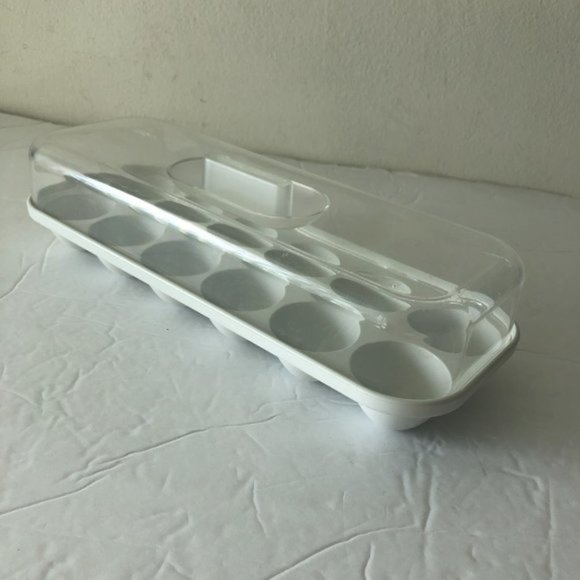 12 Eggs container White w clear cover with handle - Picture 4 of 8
--
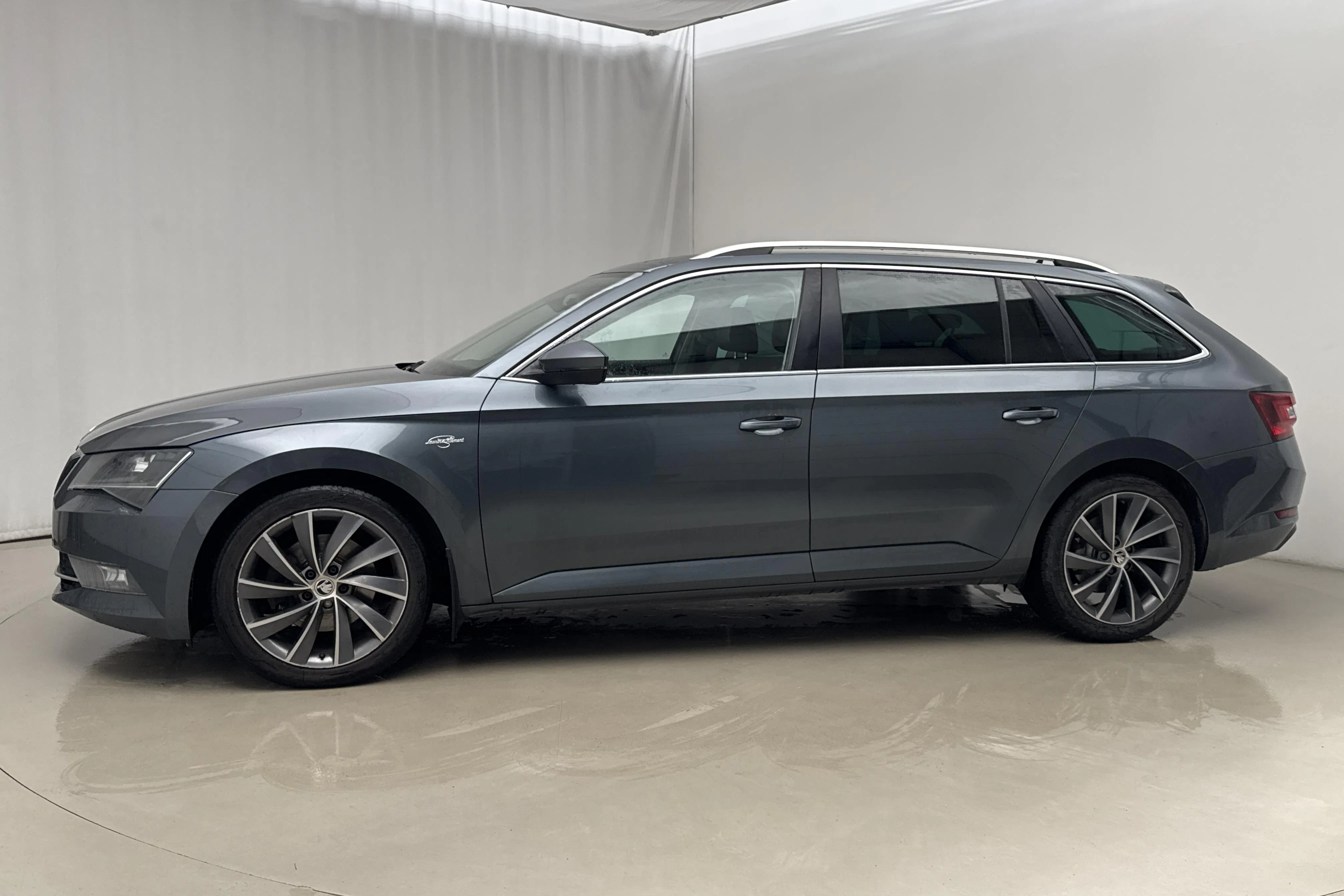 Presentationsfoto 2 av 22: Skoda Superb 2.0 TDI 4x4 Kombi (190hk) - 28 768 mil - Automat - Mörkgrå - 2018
--
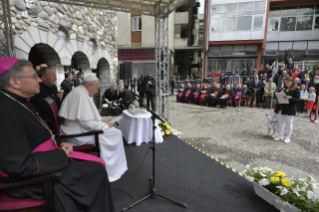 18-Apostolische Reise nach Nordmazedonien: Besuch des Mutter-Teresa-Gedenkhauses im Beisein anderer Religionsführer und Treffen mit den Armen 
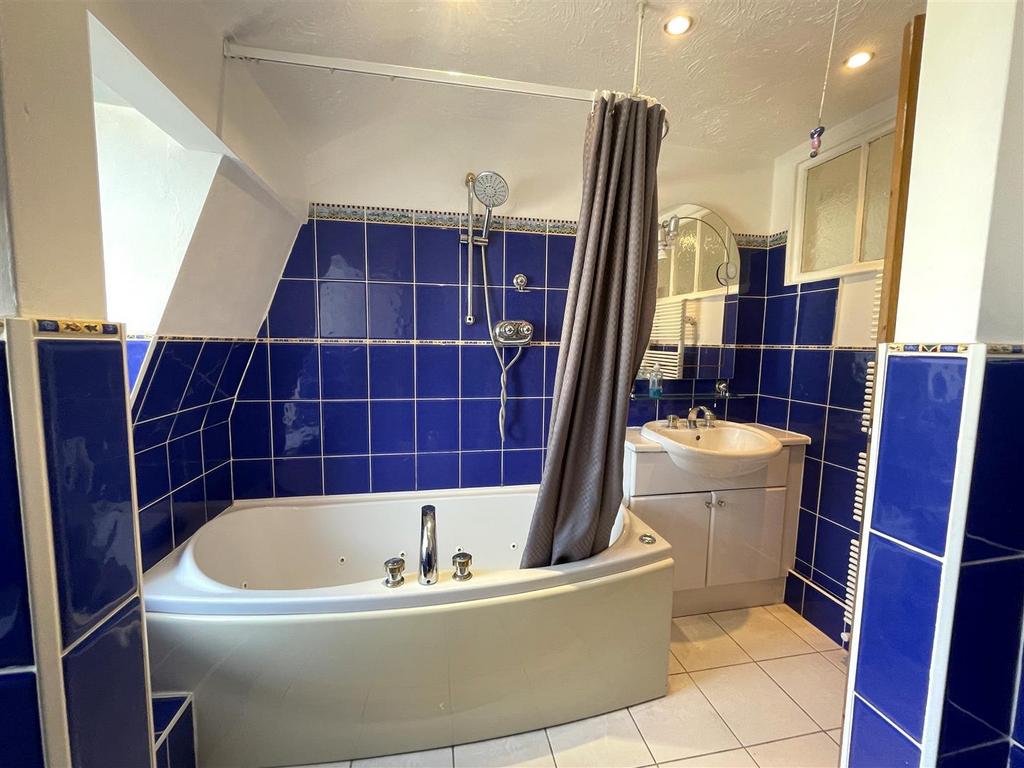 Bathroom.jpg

* HOW TO COMPLETE THIS TASK *
Exactly the lines above from the one that contains "18-Apostolische Reise nach" down to the one that contains "Bathroom.jpg" are to be output, both ends kept and pictures omitted.

* SOLVED EXERCISE *
 18-Apostolische Reise nach Nordmazedonien: Besuch des Mutter-Teresa-Gedenkhauses im Beisein anderer Religionsführer und Treffen mit den Armen 
 Bathroom.jpg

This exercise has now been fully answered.